# Storing copper pipes



## Bill (Jun 17, 2008)

I usually just stack them up and plug the ends, but they seem to tarnish and some people think you are using old pipes from another job. Is there some way to store them so they dont tarnish?


----------



## TheMaster (Jun 12, 2009)

Bill said:


> I usually just stack them up and plug the ends, but they seem to tarnish and some people think you are using old pipes from another job. Is there some way to store them so they dont tarnish?


 I keep mine inside in a garage,It keeps it clean but not forever,it will tarnish alittle or atleast it will in my climate.


----------



## Protech (Sep 22, 2008)

Buy black polyethylene sheeting and an impulse sealer. Seal the pipes up in the plastic all but one spot on each end. Blow dry nitrogen into the bag and then seal one end while still charging with N2. Then pull the hose out but still blowing on the opening while you seal the last opening in the bag.

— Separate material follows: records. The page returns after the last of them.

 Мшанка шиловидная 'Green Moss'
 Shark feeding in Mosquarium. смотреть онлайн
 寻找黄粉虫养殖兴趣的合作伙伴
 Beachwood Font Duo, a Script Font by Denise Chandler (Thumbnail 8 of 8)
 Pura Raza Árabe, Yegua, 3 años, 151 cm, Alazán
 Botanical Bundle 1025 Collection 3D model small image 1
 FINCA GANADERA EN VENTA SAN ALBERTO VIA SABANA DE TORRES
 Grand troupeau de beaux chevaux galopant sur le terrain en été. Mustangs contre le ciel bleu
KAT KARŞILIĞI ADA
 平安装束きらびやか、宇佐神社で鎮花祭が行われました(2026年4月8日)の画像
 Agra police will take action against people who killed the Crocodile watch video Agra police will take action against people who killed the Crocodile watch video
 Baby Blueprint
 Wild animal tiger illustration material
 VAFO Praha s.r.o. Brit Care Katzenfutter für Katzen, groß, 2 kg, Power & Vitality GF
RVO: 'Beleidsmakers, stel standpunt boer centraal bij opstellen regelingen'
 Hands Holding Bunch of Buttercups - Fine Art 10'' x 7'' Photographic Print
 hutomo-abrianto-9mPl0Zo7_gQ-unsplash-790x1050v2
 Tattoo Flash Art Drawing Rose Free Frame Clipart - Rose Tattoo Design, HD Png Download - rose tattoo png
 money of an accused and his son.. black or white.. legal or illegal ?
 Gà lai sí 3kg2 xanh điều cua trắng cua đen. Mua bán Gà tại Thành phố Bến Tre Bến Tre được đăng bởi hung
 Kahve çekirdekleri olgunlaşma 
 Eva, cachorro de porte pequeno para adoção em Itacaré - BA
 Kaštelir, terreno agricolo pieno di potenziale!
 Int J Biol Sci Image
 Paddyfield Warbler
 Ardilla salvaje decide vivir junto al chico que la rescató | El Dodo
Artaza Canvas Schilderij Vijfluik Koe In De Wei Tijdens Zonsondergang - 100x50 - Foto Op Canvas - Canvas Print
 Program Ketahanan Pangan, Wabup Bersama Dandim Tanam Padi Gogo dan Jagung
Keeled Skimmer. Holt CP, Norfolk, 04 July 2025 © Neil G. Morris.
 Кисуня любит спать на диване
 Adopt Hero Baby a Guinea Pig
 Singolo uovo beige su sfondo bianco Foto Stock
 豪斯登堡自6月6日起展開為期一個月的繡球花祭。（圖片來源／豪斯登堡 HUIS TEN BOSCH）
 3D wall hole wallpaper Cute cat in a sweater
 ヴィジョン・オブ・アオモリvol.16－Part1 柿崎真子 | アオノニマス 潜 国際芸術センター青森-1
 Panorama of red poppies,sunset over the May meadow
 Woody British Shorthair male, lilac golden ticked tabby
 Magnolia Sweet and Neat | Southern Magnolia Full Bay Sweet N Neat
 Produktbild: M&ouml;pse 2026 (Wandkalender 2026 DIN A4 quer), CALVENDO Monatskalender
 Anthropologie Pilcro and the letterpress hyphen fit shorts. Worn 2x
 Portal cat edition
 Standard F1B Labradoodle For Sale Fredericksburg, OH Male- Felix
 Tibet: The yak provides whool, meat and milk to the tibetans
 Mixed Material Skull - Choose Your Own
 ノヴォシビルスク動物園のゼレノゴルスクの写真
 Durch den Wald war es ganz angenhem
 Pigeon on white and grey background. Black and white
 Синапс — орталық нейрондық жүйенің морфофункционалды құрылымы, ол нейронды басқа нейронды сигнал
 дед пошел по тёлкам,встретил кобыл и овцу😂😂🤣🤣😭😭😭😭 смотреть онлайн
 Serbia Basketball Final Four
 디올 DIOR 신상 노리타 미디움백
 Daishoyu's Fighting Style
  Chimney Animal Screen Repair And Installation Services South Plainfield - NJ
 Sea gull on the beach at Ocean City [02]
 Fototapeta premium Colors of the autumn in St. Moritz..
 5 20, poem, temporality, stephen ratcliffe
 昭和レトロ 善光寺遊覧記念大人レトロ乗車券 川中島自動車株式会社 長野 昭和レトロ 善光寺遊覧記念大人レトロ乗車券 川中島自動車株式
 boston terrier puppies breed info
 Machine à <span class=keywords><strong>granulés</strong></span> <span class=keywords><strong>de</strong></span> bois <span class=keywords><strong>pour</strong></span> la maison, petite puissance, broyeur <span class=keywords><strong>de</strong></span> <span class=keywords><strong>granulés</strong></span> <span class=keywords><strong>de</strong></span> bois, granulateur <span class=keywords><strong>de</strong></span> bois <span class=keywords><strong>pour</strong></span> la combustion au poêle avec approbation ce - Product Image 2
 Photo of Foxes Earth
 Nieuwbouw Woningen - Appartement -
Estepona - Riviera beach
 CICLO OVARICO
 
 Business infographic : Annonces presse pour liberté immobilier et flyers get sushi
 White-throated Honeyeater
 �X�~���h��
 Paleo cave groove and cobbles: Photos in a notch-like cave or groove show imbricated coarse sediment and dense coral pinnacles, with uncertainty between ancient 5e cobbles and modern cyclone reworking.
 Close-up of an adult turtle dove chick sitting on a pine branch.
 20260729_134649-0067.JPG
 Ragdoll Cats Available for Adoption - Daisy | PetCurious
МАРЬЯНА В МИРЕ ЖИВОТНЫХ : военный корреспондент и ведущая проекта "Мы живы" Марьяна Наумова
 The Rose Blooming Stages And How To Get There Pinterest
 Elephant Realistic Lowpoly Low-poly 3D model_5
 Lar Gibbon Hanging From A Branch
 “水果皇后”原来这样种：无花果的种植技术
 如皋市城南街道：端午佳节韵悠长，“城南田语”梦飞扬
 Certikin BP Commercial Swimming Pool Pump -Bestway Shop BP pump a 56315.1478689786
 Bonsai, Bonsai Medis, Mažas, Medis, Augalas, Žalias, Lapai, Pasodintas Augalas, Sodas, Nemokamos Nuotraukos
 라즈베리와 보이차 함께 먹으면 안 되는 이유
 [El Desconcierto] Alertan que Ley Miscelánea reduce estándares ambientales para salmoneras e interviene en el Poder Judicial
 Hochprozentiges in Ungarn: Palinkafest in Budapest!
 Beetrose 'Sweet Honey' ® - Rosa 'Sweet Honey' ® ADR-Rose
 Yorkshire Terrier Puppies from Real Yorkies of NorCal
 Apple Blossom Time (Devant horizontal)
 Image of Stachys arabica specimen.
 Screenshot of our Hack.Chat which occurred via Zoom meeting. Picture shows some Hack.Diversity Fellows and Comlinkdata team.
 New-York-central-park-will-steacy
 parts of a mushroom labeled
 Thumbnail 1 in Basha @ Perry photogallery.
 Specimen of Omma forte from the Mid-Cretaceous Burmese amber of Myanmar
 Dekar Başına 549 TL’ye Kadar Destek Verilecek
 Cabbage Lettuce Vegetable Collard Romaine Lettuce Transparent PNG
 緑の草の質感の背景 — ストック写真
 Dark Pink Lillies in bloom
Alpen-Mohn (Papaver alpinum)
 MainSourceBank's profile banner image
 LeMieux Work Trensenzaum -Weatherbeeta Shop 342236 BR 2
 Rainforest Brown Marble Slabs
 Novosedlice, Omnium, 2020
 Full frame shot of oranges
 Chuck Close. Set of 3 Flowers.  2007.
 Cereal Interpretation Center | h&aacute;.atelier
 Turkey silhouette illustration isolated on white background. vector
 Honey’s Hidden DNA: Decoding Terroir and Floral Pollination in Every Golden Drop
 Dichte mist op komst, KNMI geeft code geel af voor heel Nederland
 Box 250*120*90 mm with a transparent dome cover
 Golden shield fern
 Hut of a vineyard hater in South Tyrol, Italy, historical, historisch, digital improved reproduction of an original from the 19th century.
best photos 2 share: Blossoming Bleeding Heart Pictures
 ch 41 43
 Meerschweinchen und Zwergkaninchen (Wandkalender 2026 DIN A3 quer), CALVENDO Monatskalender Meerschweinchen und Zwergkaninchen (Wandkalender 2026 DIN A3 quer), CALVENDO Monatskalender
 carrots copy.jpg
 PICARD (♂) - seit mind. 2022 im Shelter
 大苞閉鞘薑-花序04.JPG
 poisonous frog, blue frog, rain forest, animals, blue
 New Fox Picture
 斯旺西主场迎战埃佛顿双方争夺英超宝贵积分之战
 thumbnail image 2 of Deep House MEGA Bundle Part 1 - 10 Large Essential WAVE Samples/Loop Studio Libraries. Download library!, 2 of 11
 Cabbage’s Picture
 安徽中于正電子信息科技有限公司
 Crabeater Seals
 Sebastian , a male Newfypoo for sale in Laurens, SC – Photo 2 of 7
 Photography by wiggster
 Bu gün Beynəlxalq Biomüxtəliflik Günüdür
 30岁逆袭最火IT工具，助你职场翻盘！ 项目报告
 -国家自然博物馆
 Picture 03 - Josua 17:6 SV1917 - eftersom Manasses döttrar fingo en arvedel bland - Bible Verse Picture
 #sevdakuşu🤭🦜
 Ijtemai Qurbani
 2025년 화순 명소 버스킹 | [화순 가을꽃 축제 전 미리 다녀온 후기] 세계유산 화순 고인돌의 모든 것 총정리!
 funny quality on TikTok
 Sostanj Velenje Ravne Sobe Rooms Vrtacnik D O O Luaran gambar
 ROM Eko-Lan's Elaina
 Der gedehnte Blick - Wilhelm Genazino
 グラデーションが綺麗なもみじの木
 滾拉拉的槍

There ya go. That's to much work for me though.



Bill said:


> I usually just stack them up and plug the ends, but they seem to tarnish and some people think you are using old pipes from another job. Is there some way to store them so they dont tarnish?


----------



## Ron (Jun 12, 2008)

Use Pex and never have that prblem again. Pex won't tarnish


----------



## Protech (Sep 22, 2008)

No, but it does brake down in the sun. If stored out of the sun it lasts forever though.

Pexer for life:thumbup:



Ron The Plumber said:


> Use Pex and never have that prblem again. Pex won't tarnish


----------



## TheMaster (Jun 12, 2009)

PEX is the only type pipe that I haven't found broken here from the freeze. Everything else has been killed! PVC and CPVC is the worst then copper.


----------



## Ron (Jun 12, 2008)

CPVC and PVC can be like razors when they burst.


----------



## dayexco (Oct 12, 2009)

not very often, inventory makes contractor's money....


----------



## Protech (Sep 22, 2008)

I have a friend that is another contractor that likes to run cpvc UNINSULATED exposed on the side of buildings. He has many repipes with 10 year warrantys around town. I'm going to give hime a call and see how those are holding up right now:laughing:



TheMaster said:


> PEX is the only type pipe that I haven't found broken here from the freeze. Everything else has been killed! PVC and CPVC is the worst then copper.


----------